SUPPLIED MATERIAL:
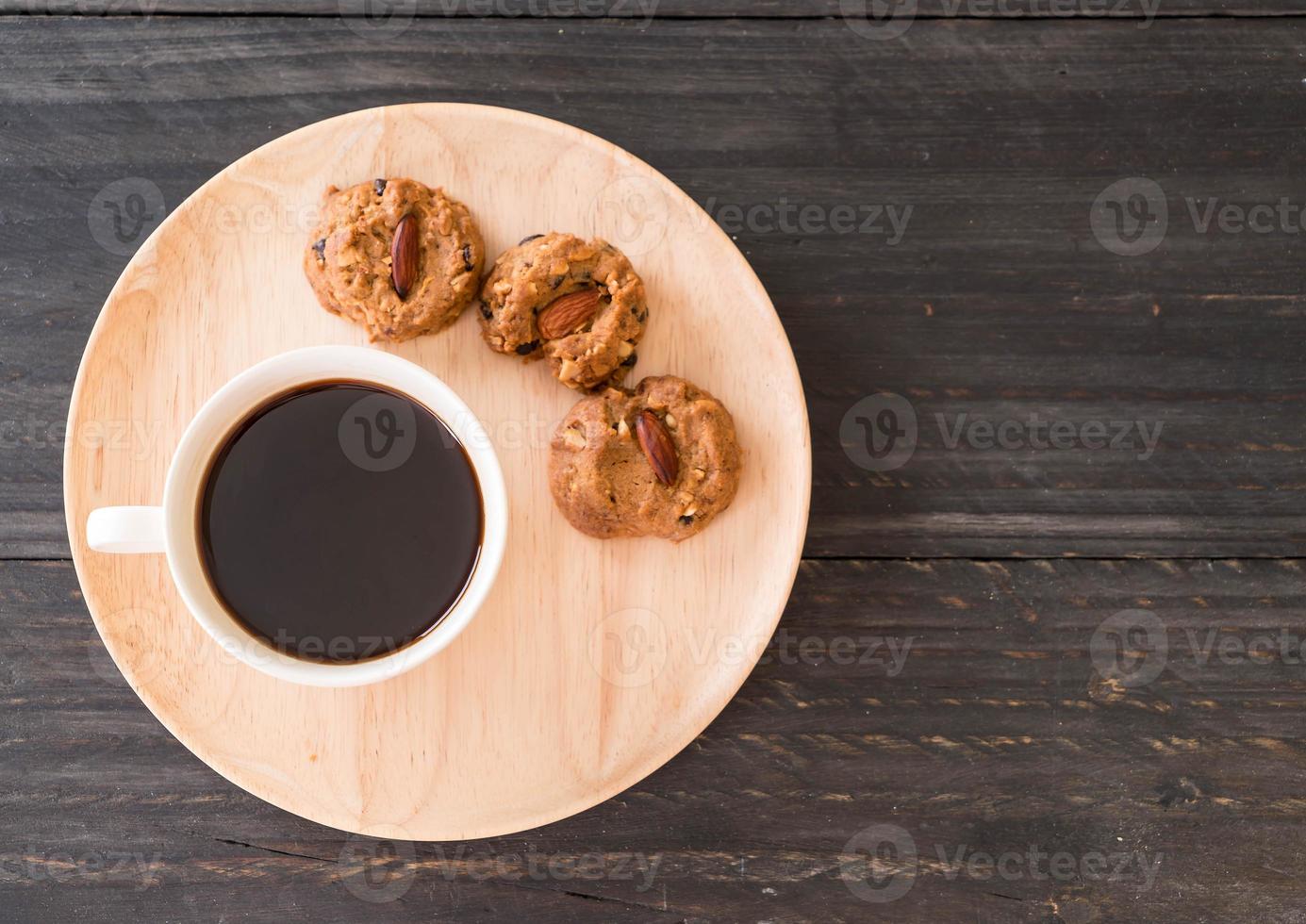 svart kaffe med kakor på trä foto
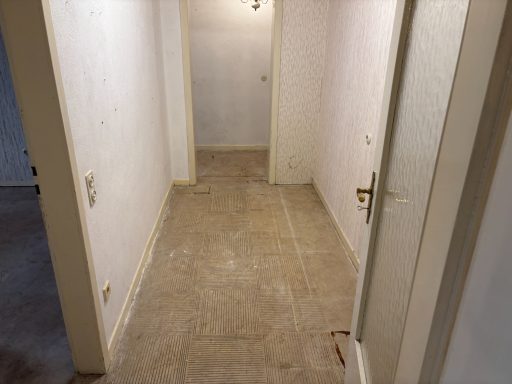 Leerer Flur mit weißen Wänden und hellbraunem Bodenbelag.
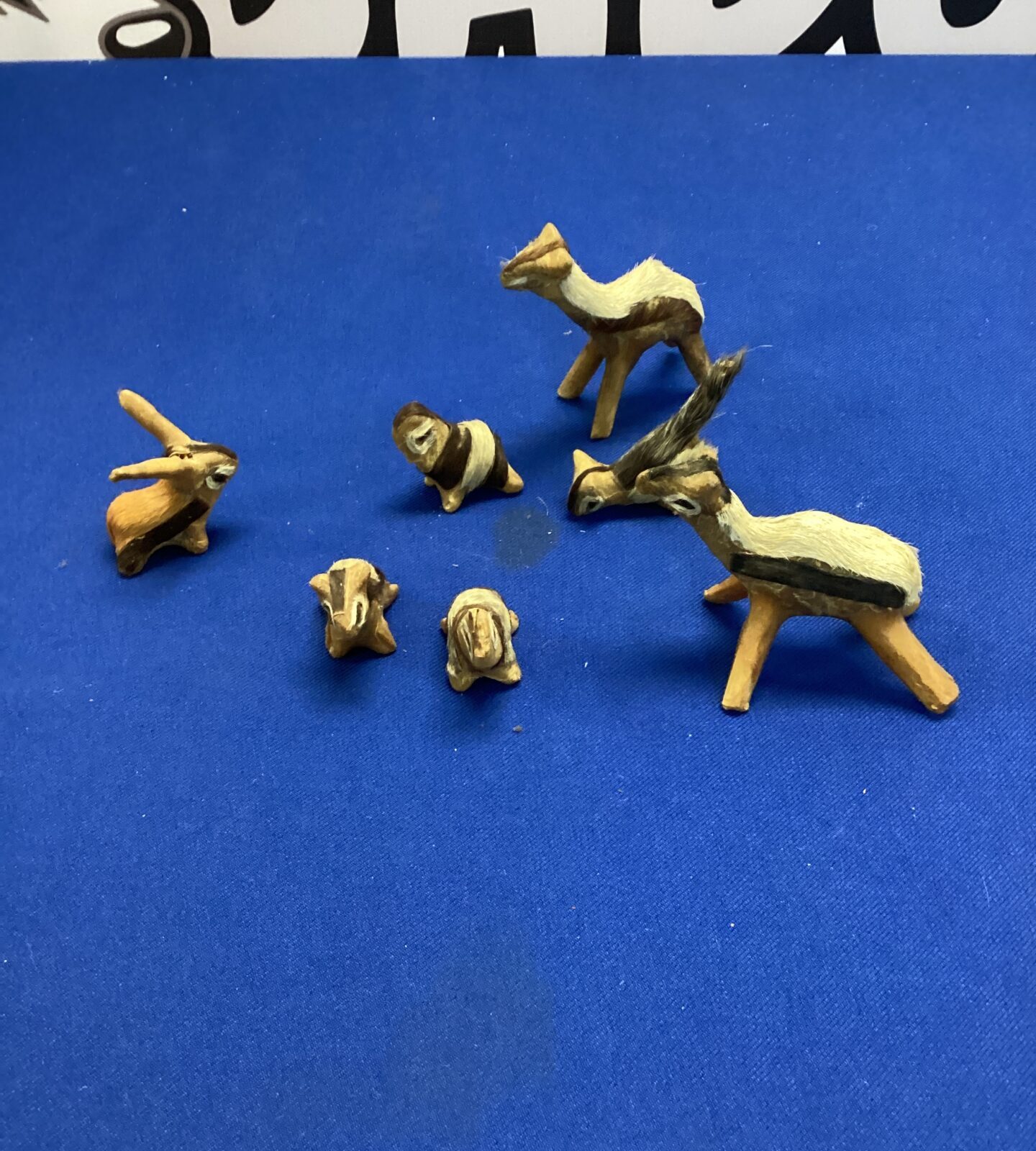 Vintage taxidermy animal figures, unique collectible folk art.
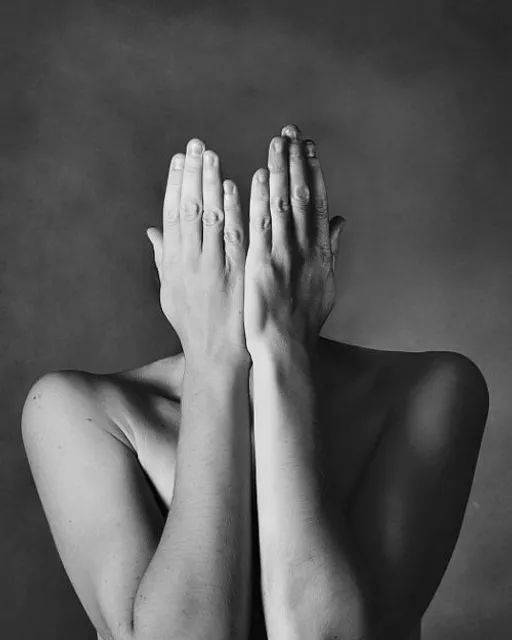 a naked woman covering her face with her hands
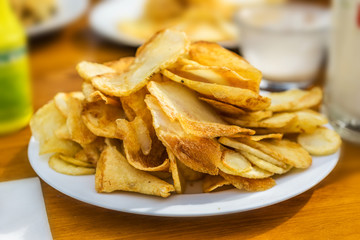 Plate with fresh fried golden potato chips restaurant on the beach. Concept Summer.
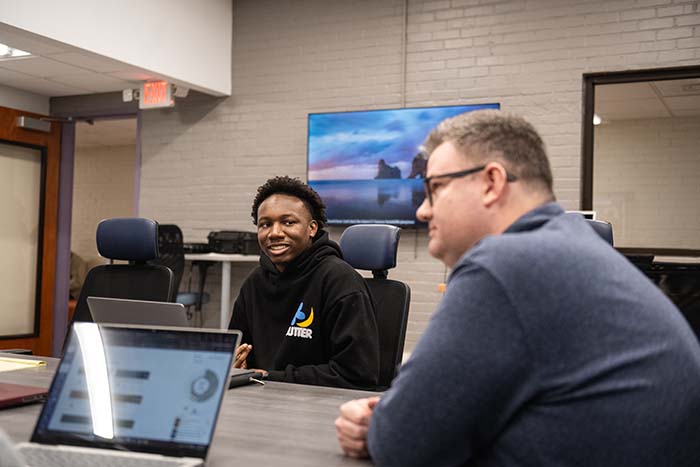 A student sitting at a table talking to a faculty member, with an open laptop beside them. 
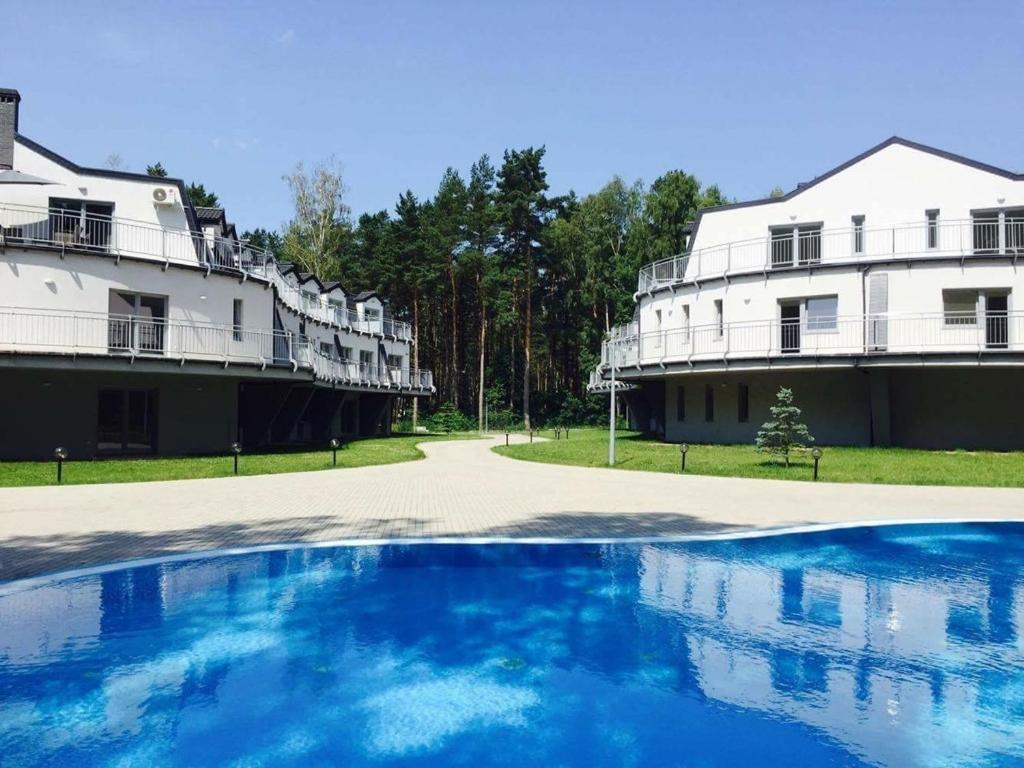 波别罗沃Apartamenty Silence Blue Baltic的一座白色的大建筑,前面设有一个游泳池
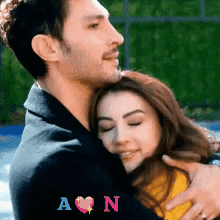 Man Hugging Woman With Initials A and N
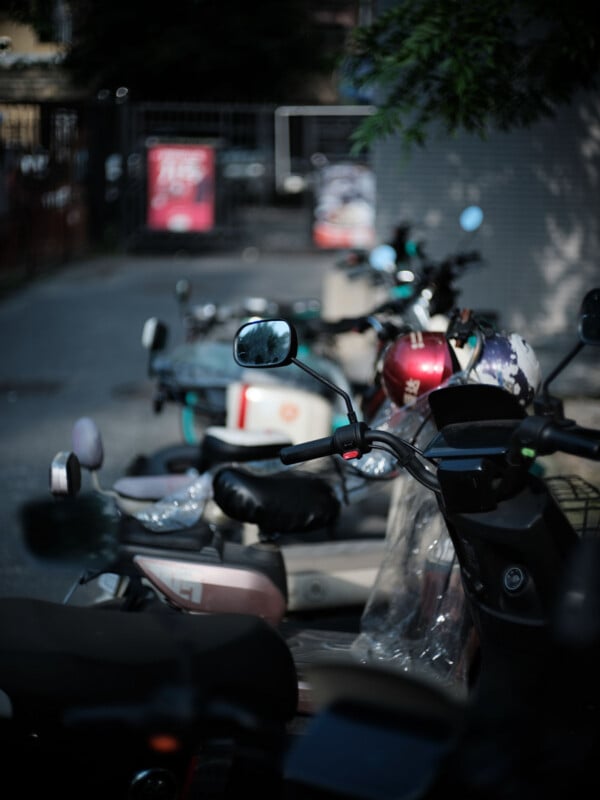 A row of parked scooters and motorcycles on a shaded sidewalk, with the focus on a rearview mirror and the background softly blurred.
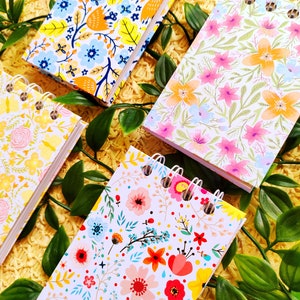 May include: Four small spiral bound notebooks with floral patterns. The notebooks have white covers with different colored flowers and leaves. The notebooks are on a yellow surface with green leaves.
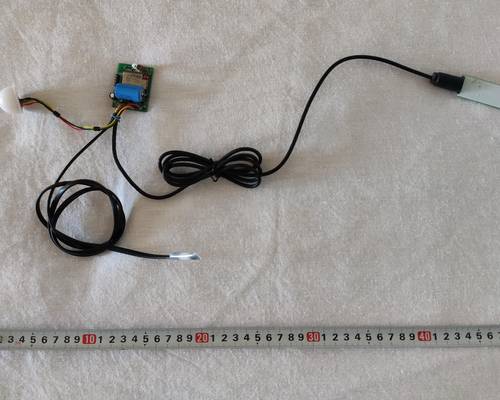 Electronic filling of the climate sensor. Central on the top is a board with a battery and a transmitting antenna, on the right side is a soil moisture sensor, on the left side — a light sensor. 
Below in the center is a remote (in this assembly) temperature sensor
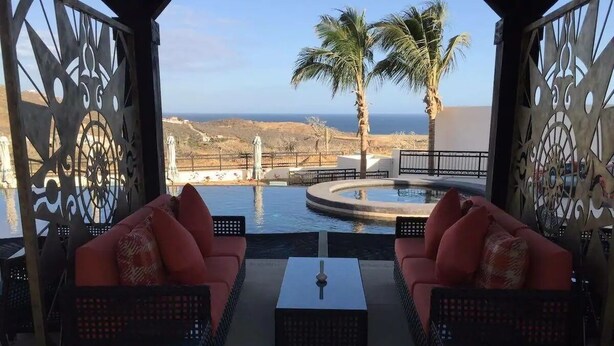 A terrace with two red sofas and a table, overlooking a pool and palm trees with a view of the coastline. - CONDO Q BY TRVL2HM (Cabo San Lucas)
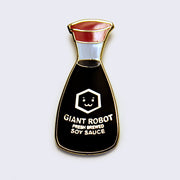 Enamel pin of a soy sauce bottle, with a red lid and small illustrated face in the middle.  "Giant Robot Fresh Brewed Soy Sauce" is written along the bottle.
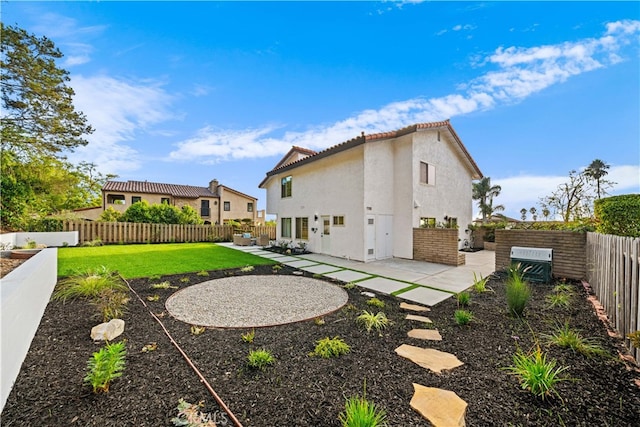 rear view of property featuring a fenced backyard, a tile roof, a yard, stucco siding, and a patio area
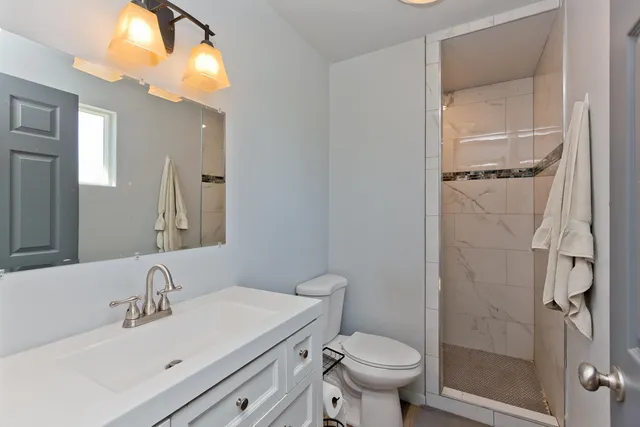 a bathroom with a sink toilet and shower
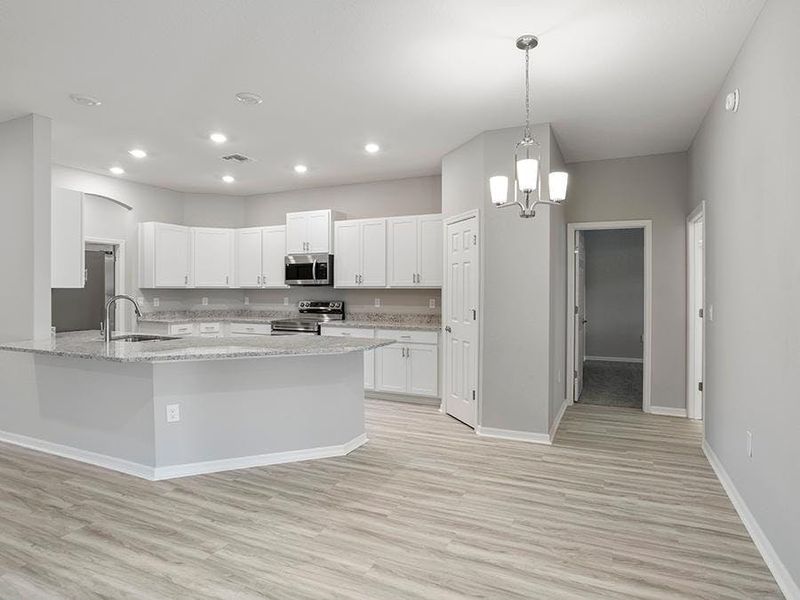 Your spacious kitchen features staggered cabinets, granite countertops, and a walk-in pantry.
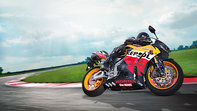 Honda CBR600RR Repsol-liveried motorbike front-threequarter view with rider, right-facing (Race track location).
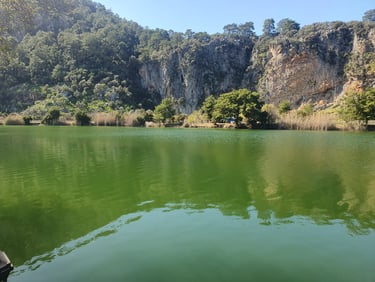 Dalyan river with a mountain in the background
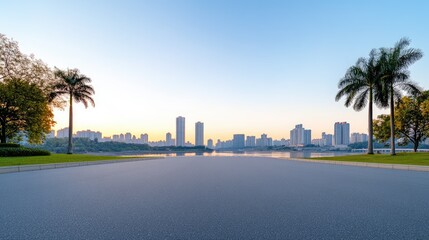 Serene Urban Landscape at Sunrise with Palm Trees and Reflective Water in the Background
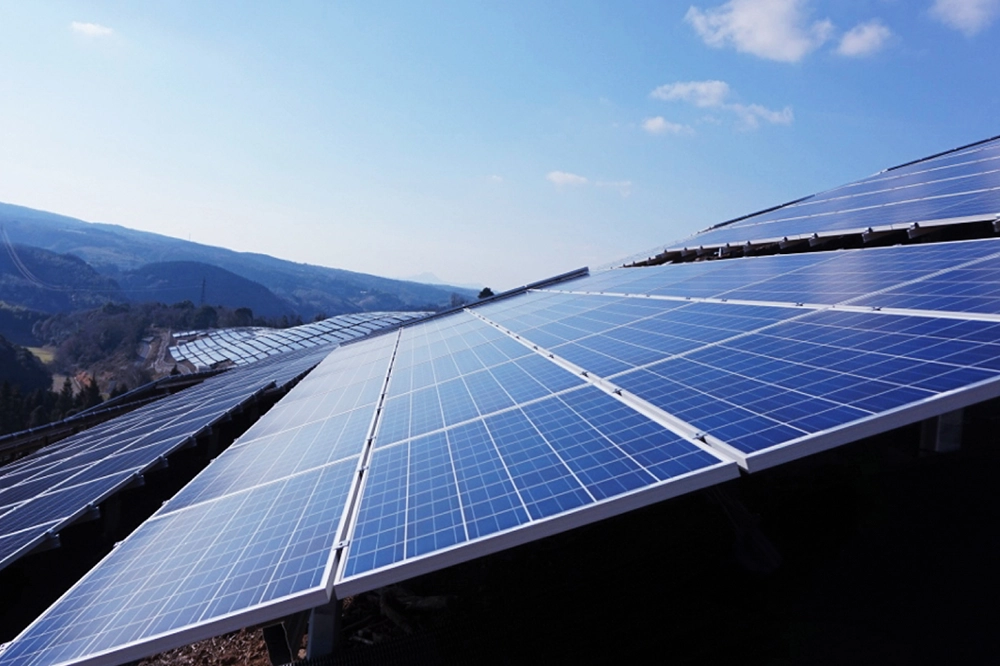 Solar panels installed on a hillside under a clear blue sky, capturing solar energy for sustainable power.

ABOUT THIS EXERCISE: An exact copy is needed of the stretch above that opens with the line containing "波别罗沃Apartamenty Silence Blue" and closes with the line containing "May include: Four"; the pictures are not part of it.

EXERCISE OUTPUT:
 波别罗沃Apartamenty Silence Blue Baltic的一座白色的大建筑,前面设有一个游泳池
 Man Hugging Woman With Initials A and N
 A row of parked scooters and motorcycles on a shaded sidewalk, with the focus on a rearview mirror and the background softly blurred.
 May include: Four small spiral bound notebooks with floral patterns. The notebooks have white covers with different colored flowers and leaves. The notebooks are on a yellow surface with green leaves.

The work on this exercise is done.